1

### NEET 2017

A gas is allowed to expand in a well insulated container against a constant external pressure of 2.5 atm from an initial volume of 2.50 L to a final volume of 4.50 L. The change in internal energy $\Delta$U of the gas in joules will be
A
$-$ 500 J
B
$-$ 505 J
C
+ 505 J
D
1136.25 J

## Explanation

w = - Pext$\Delta$V = -2.5(4.50 - 2.50)

$\Rightarrow$ - 5 L atm = - 5 $\times$ 1.01.325 J = - 506.625 J

$\Delta$U = q + w

As, the container is insulted, thus q = 0

Hence, $\Delta$U = w = -506.625 J
2

### NEET 2017

For a given reaction, $\Delta$H = 35.5 kJ mol$-$1 and $\Delta$S = 83.6 J K$-$1 mol$-$1. The reaction is spontaneous at (Assume that $\Delta$H and $\Delta$S do not vary with temperature.)
A
T > 425 K
B
all temperatures
C
T > 298 K
D
T < 425 K

## Explanation

For a spontaneous reaction,

$\Delta$G < 0 i.e. $\Delta$H - T$\Delta$S < 0

$T > {{\Delta H} \over {\Delta S}}$

$T > \left( {{{35.5 \times 1000} \over {83.6}} = 424.6 \approx 425K} \right)$

$\therefore T > 425\,K$
3

### NEET 2016 Phase 2

For a sample of perfect gas when its pressure is changed isothermally from pi to pf, the entropy change is given by
A
$\Delta S = nR\,\ln \left( {{{{p_f}} \over {{p_i}}}} \right)$
B
$\Delta S = nR\,\ln \left( {{{{p_i}} \over {{p_f}}}} \right)$
C
$\Delta S = nRT\,\ln \left( {{{{p_f}} \over {{p_i}}}} \right)$
D
$\Delta S = RT\,\ln \left( {{{{p_i}} \over {{p_f}}}} \right)$

## Explanation

For an ideal gas undergoing reversible expansion, when temperature changes from Ti to Tf and pressure changes from Pi to Pf.

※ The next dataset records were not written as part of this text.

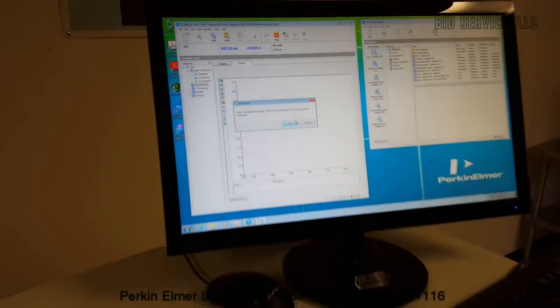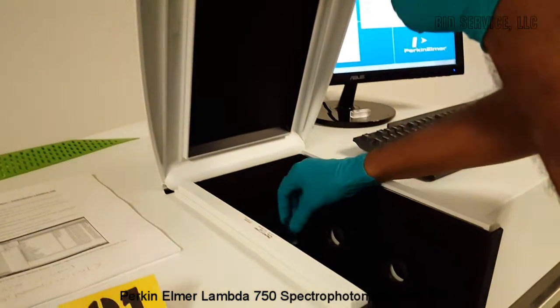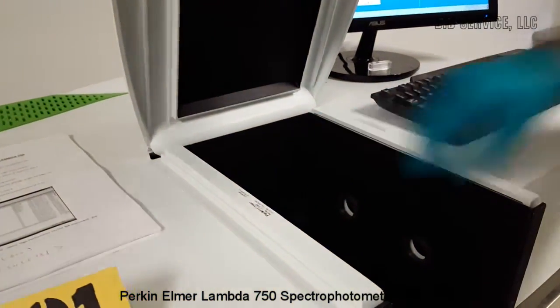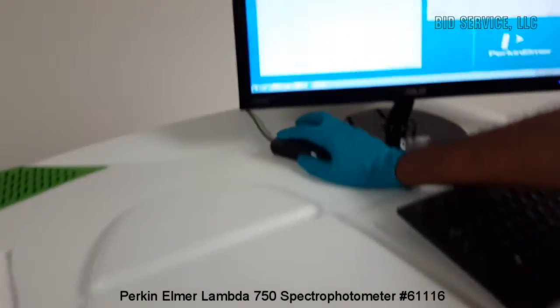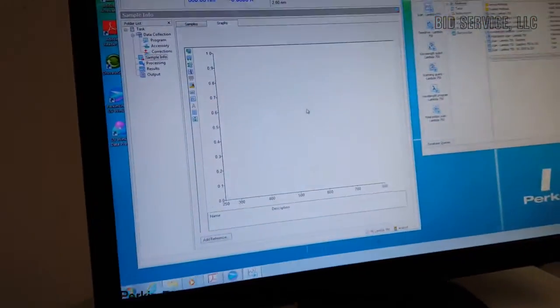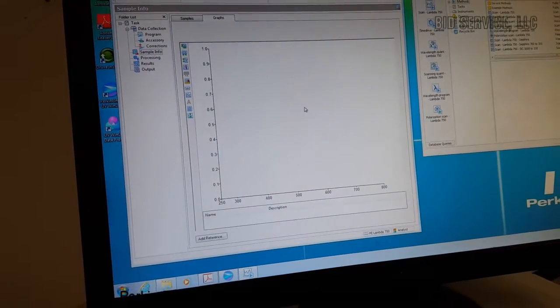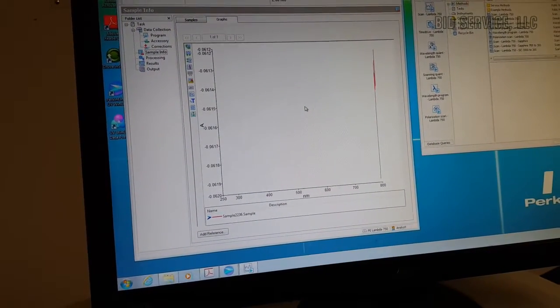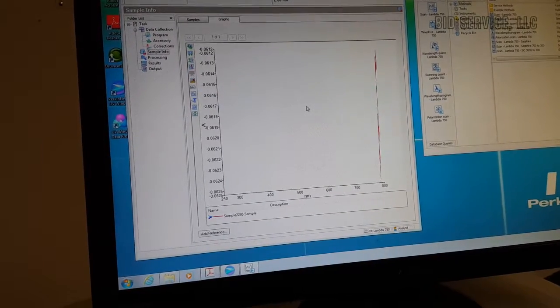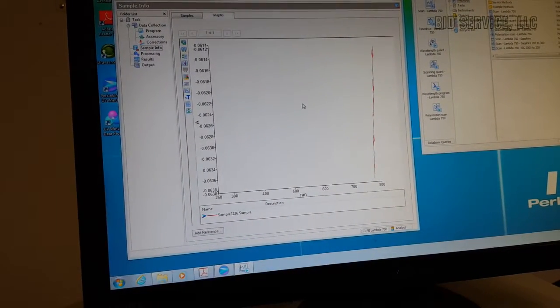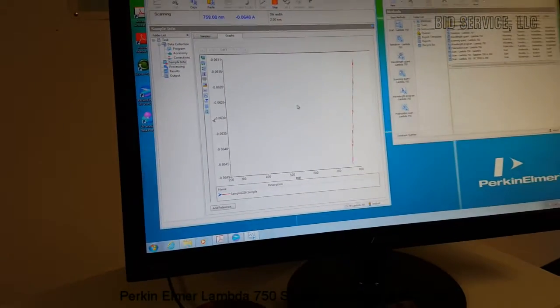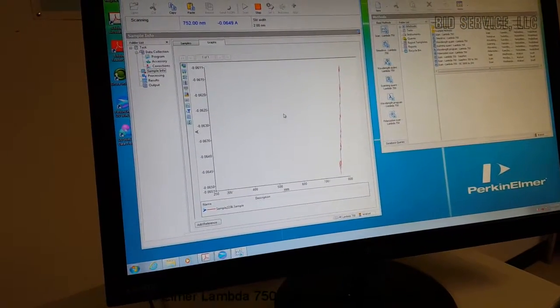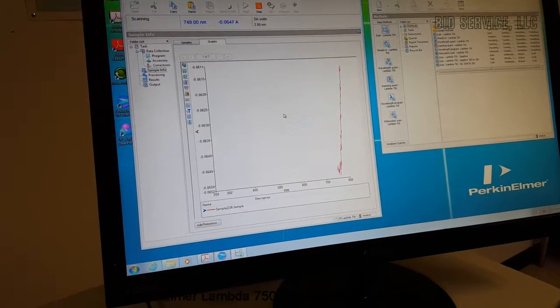So once the 100% transmission collection is over, the scanner will drive to the initial wavelength, that is 800 nanometers, and then the system will prompt to place the sample in the instrument. So I'm placing the sample, and we press OK to start the scan.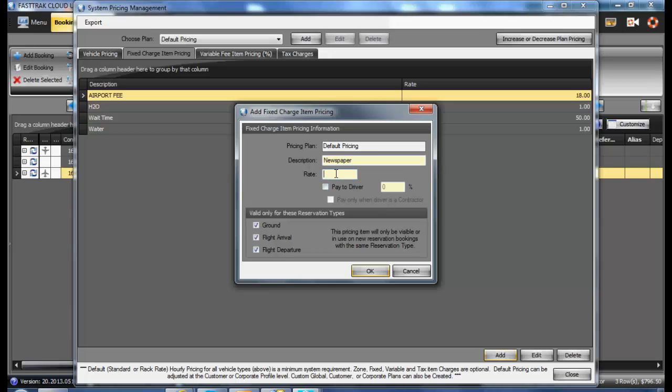Enter in a rate and determine whether you pay to the driver as well as the portion thereof.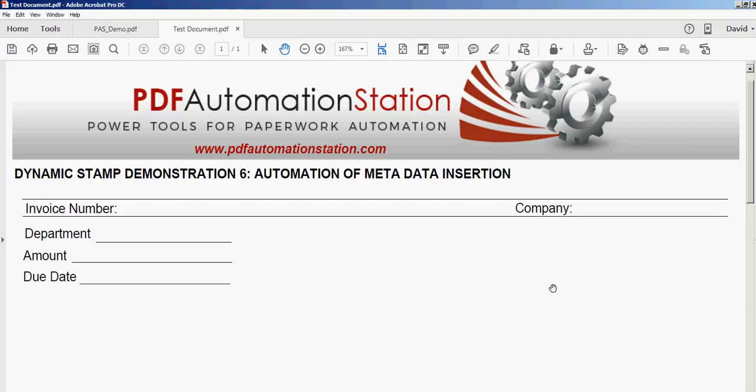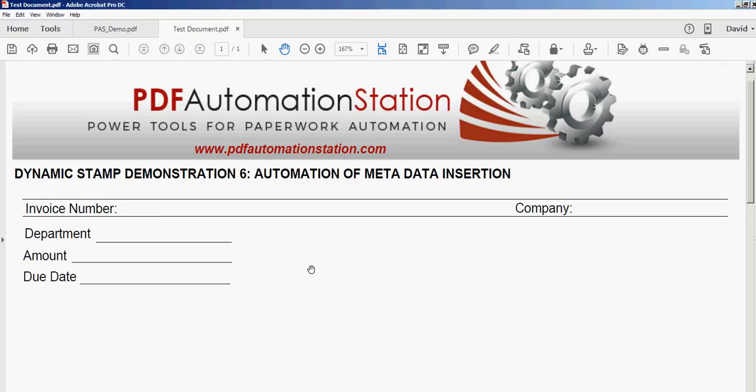In this video, we're going to insert metadata into a PDF document. This is similar to number five where we filled out form fields, but this time we're inserting custom metadata instead. You can actually do both on the same document, but in this case, we're just going to insert the metadata.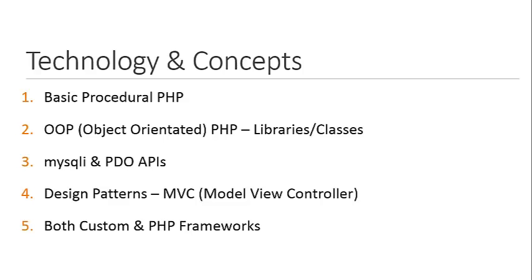We'll also be using some custom structure, if you want to call it that. We'll be looking at both custom PHP and frameworks such as CodeIgniter. I think frameworks are an important thing to learn when you're learning PHP. They can make things much easier and save you a lot of time on different aspects of your application.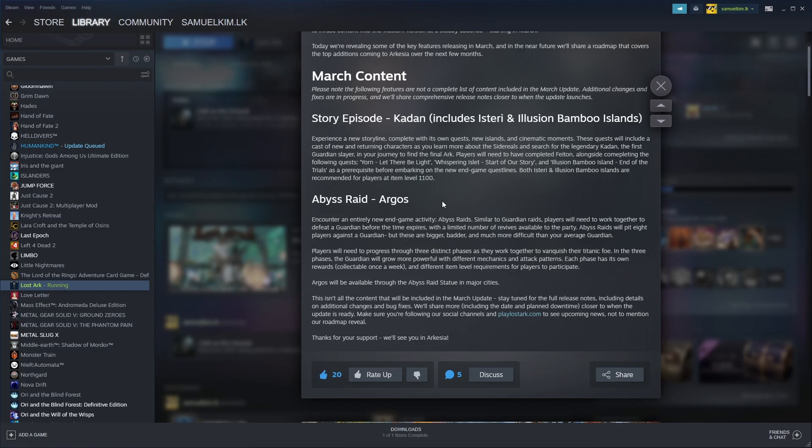Otherwise, it won't let you progress to the next stage. I'll link a video in the description below for a guy called ATK who covers what to prepare for the Argos Raid. It's got some really good information, so feel free to check that video out.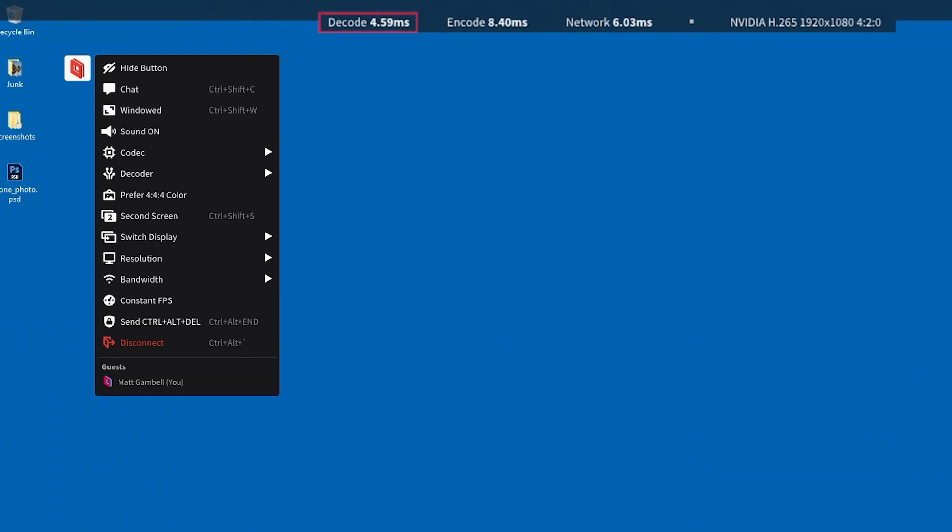The decode latency is how long it's taking your machine to decode the video that it's receiving. The encode latency is how long it's taking your host machine's GPU to encode the video.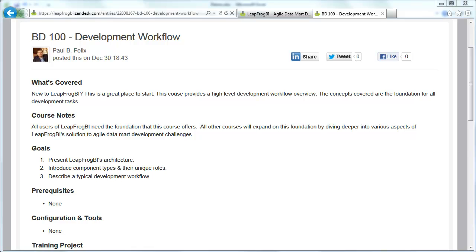Welcome to LeapFrog BI Academy Course BD100 Development Workflow. If you are new to LeapFrog BI, then you're in the right spot. During this course, we are going to cover some of the foundation concepts that are critical to getting the most out of LeapFrog BI and beginning to build agile, high-quality data marts. We have three goals. First, we're going to briefly present LeapFrog BI's architecture at a very high level. Second, we're going to introduce component types and discuss their unique role in the development process. And finally, we're going to describe a typical development workflow.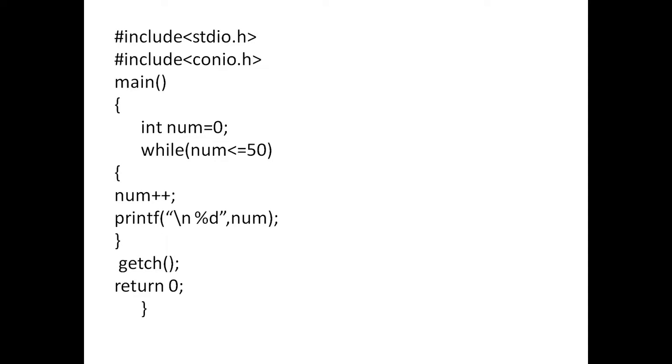Next, while num less than or equal to 50. After that, curly braces num++. It means num is equal to num plus 1. It is incremented by 1. Next, printf. This is newline character. %d, num.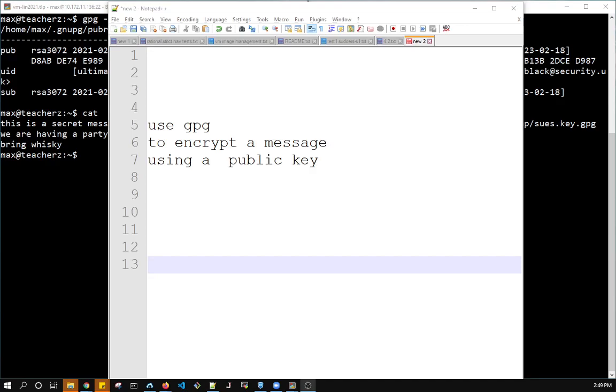Hello everyone. So this is a short video to use GPG to encrypt a message using a public key. Both parties have already created their own public-private key pair, and you can look at the previous video to see how to do that.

$\Delta$S = nCp ln ${{{T_f}} \over {{T_i}}}$ + nR ln ${{{P_i}} \over {{P_f}}}$

For an isothermal process, Ti = Tf so, ln 1 = 0

$\therefore$ $\Delta$S = nR ln ${{{P_i}} \over {{P_f}}}$
4
MCQ (More than One Correct Answer)

### NEET 2016 Phase 1

The correct thermodynamic conditions for the spontaneous reaction at all temperatures is
A
$\Delta$H < 0 and $\Delta$S > 0
B
$\Delta$H < 0 and $\Delta$S < 0
C
$\Delta$H < 0 and $\Delta$S = 0
D
$\Delta$H > 0 and $\Delta$S < 0

## Explanation

$\Delta G = \Delta H - T\Delta S$

If $\Delta$H < 0 and $\Delta$S > 0
$\Delta G = (-ve) - T (+ve)$

then at all temperatures, $\Delta G$ = -ve, spontaneous reaction.

If $\Delta$H < 0 and $\Delta$S = 0
$\Delta G = (-ve) - T (0)$

then at all temperatures, $\Delta G$ = -ve at all temperatures.